» **What to do**:
In the data below, find the line with "Playful Yellow Cat" and output it along with every later line, exactly, but not the pictures.

» **Records to process**:
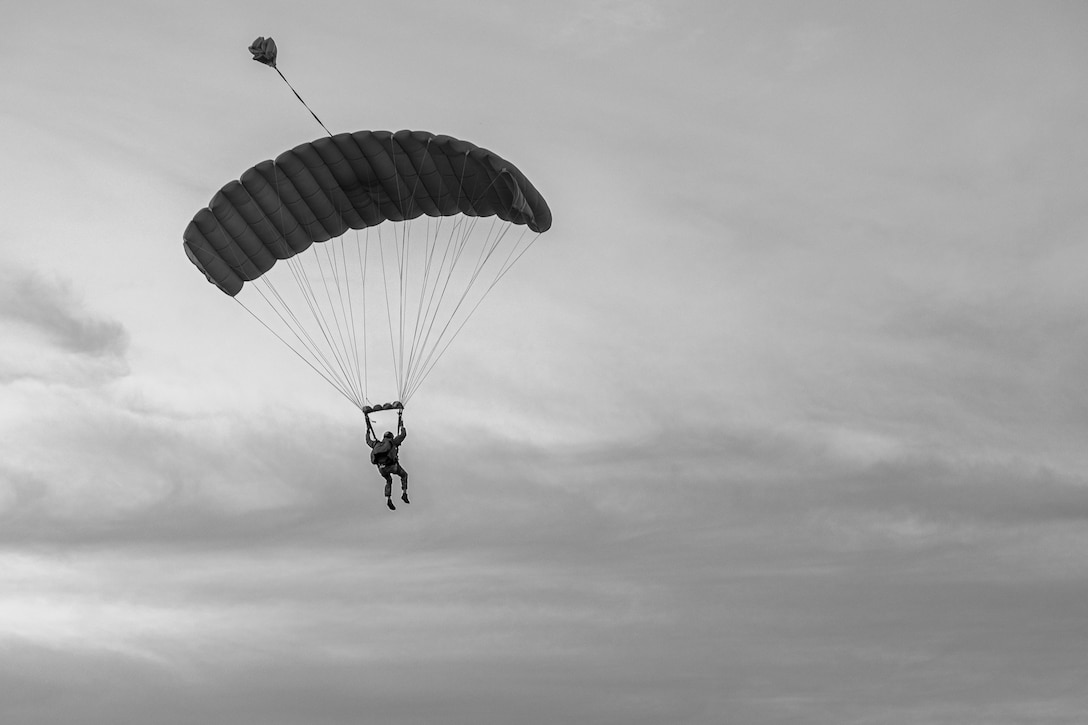 Marine Raiders with Marine Forces Special Operations Command conduct military freefall parachute training on Camp Lejeune, North Carolina, Mar. 8, 2023. MFF training ensures Marine Raiders maintain operational currency and capabilities to support global mission requirements. (U.S. Marine Corps photo by Cpl. Henry Rodriguez)  (This image was captured in color and changed to black-and-white.)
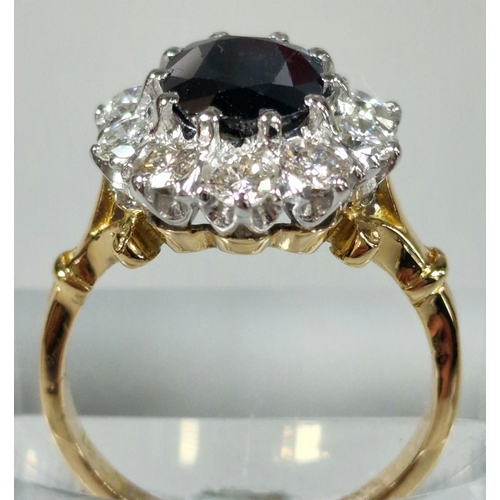 211 - 18ct gold diamond and sapphire ring, the central facetted oval sapphire stone surrounded by ten diam... 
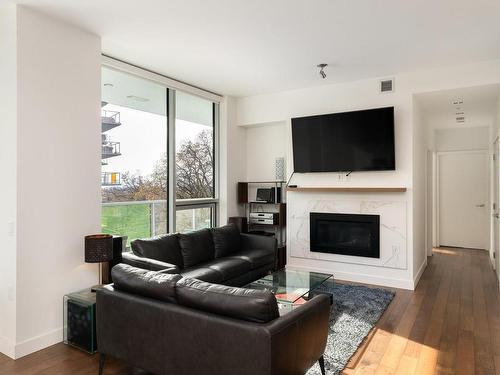 204-4011 Rainbow Hill Lane, Saanich, BC - Indoor Photo Showing Living Room With Fireplace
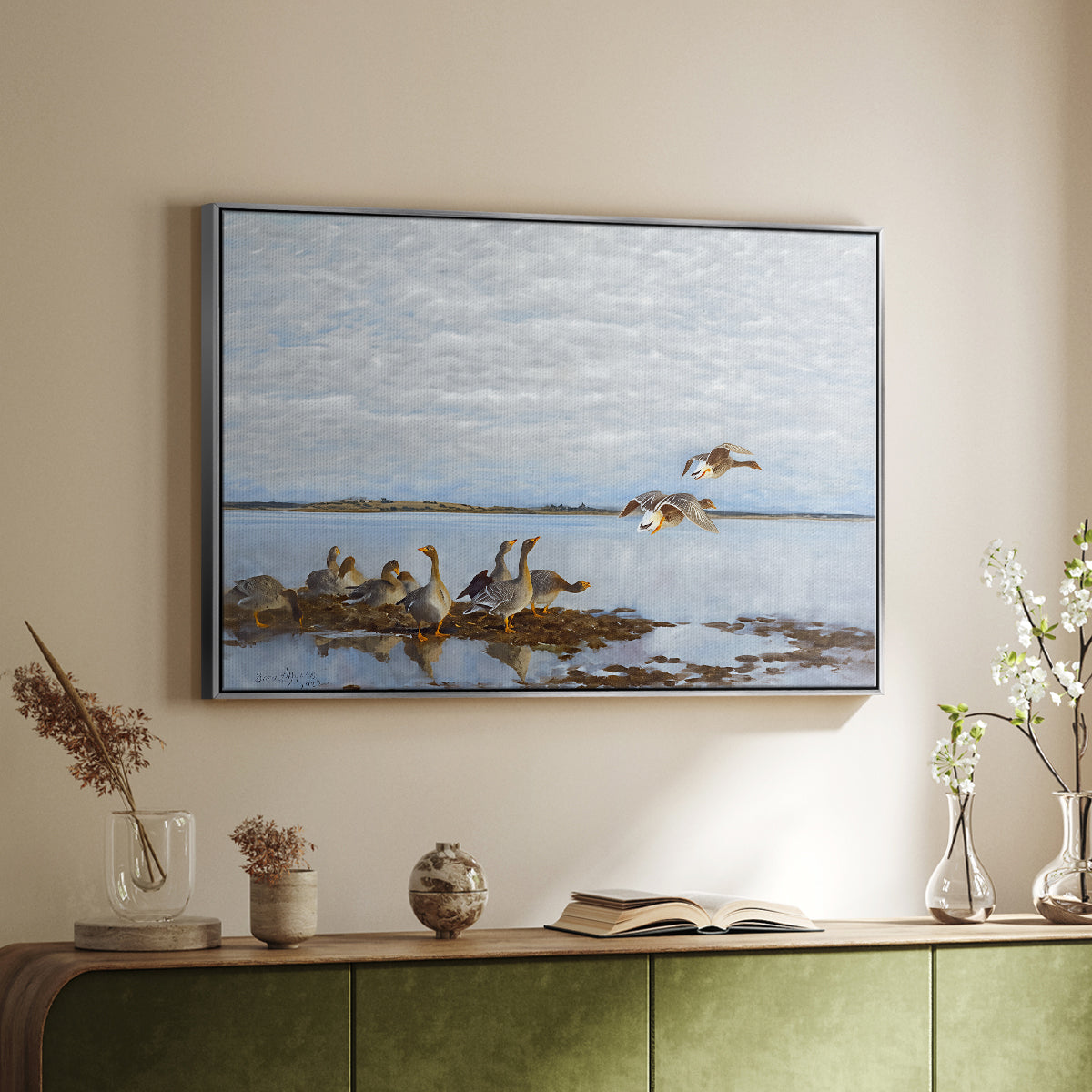 Silver floater framed canvas of Greylag Geese (Grågäss), 1922 by Bruno Liljefors, featuring birds standing and resting along shoreline with soft grass and water above a sideboard in a softly lit hallway.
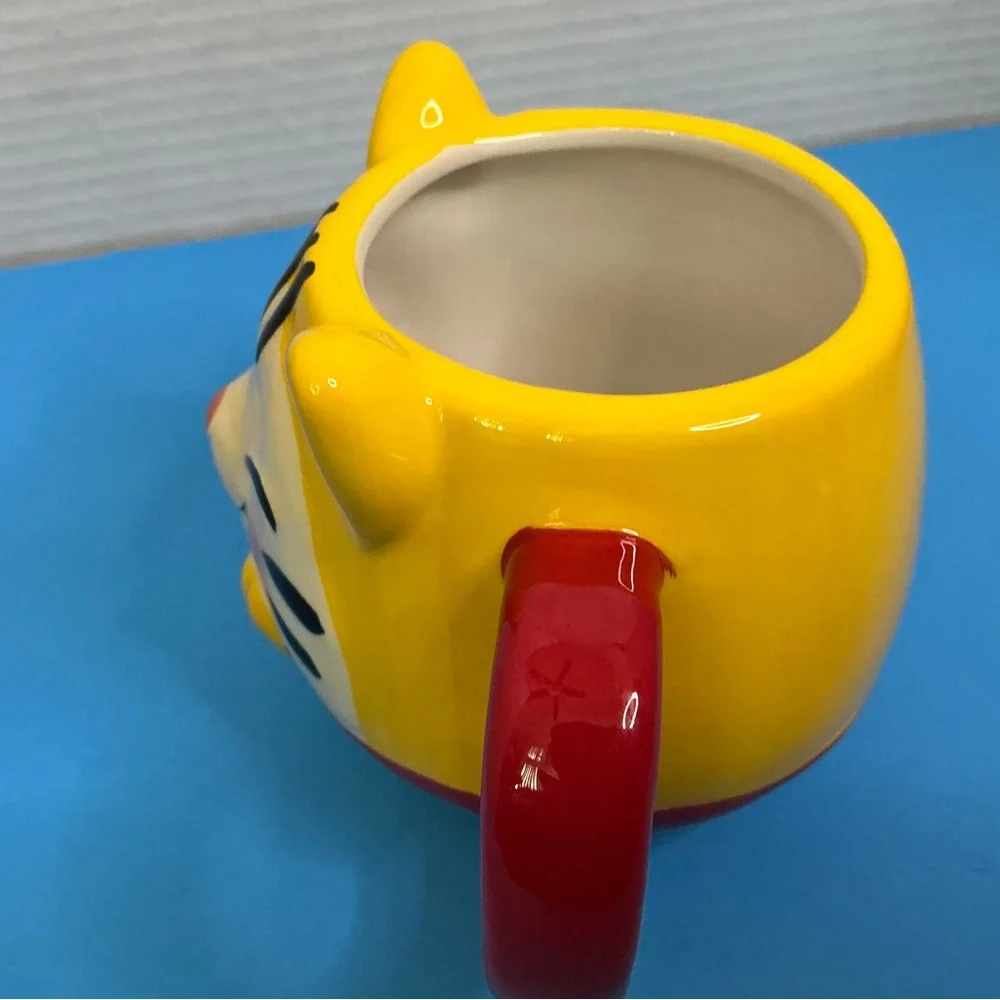 Playful Yellow Cat Face Ceramic Mug with Red Handle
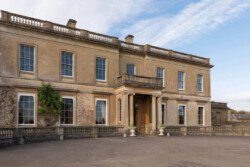 A large, historic stone mansion with ivy-covered walls and a reputation among Hartham Park wedding photographers, it showcases two stories, multiple windows, and a central entrance framed by columns under a clear blue sky.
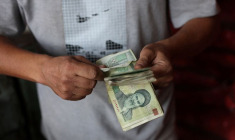 Un commerçant tient des rials iraniens dans un marché local de Téhéran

» **Answer for this exercise**:
 Playful Yellow Cat Face Ceramic Mug with Red Handle
 A large, historic stone mansion with ivy-covered walls and a reputation among Hartham Park wedding photographers, it showcases two stories, multiple windows, and a central entrance framed by columns under a clear blue sky.
 Un commerçant tient des rials iraniens dans un marché local de Téhéran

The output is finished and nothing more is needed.